The film's sense of historical accuracy is marred by the opening scene which shows an airliner landing in Havana and the wrong date "1959" is superimposed on the screen. It should read "1958", the last year of the revolution. Cuban President Batista fled the capital when Fidel Castro and his guerrillas entered Havana on New Years Day 1959.

Former British Major Robert Dapes (Sean Connery) arrives in Cuba under General Bello's (Martin Balsam) orders to train the Cuban army to resist Fidel Castro's upcoming revolution. Before he even begins his task, he struck by the reappearance of an old flame, Alexandra Lopez de Pulido (Brooke Adams), whom he repeatedly tries to pursue. The plot winds around the tremendous wealth of the present leaders, the mostly American tourists who seem to ooze money, the poverty-stricken and ex-urban slums where most Cubans live, and the rum and cigar factory that Alexandra's husband owns and that Alexandra runs. A blatant sexual nightclub performance is interrupted by Fidel's soldiers in olive green, with machine guns, scattering the entertainment and the entertained and leaving a bloodsoaked scene.

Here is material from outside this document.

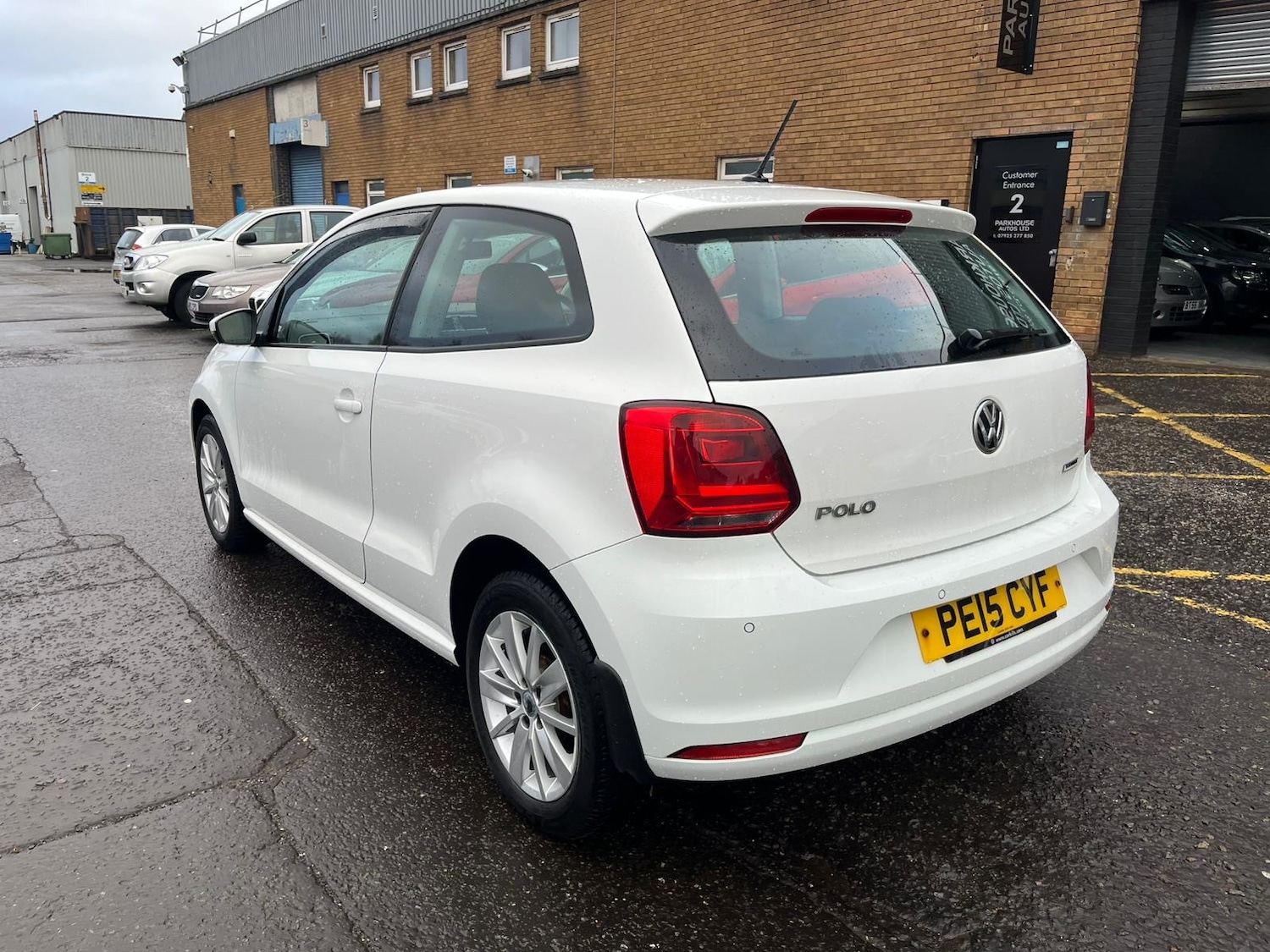 Used Volkswagen Polo 2015 for sale - 76837606: Photo 8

When Alexandra's husband takes her out and expects her to sit and have a drink with a potential (factory) investor and his prostitute, she leaves the restaurant and runs into Robert. Furious with her husband, she is more open to spending time with him and reminiscencing about their old affair in North Africa (when she was 15 and he was 30). They find a motel and make love. It is clear that they care for each other. But he will not stay in Cuba. Will she leave with him?

The next day virtually every Cuban worker goes on strike, including those in Alex's factory. Alex watches the events go by, believing things will soon return to normal. Robert begs her to leave, either to be with him or just to escape Cuba. She refuses.

Not seeing Alex at the airport, Robert boards the plane. Meanwhile, Alex is at the airport, outside the wire fence, watching him board the plane and weeping.

This movie weaves many more plots around these events, as various Cubans, Brits, and Americans try to make something of the revolution. What is most stunning about this movie, however, is that it unwinds like a James Bond movie but "inside out." Robert is the cool, competent, knowledgeable spy: but he is inserted into a history that imposes on him an almost complete passivity: he is supposed to engineer Fidel's defeat; he knows Fidel will win. And instead of powerfully sweeping his gorgeous counterpart off her feet, she's always one step ahead of him, and he must let her go.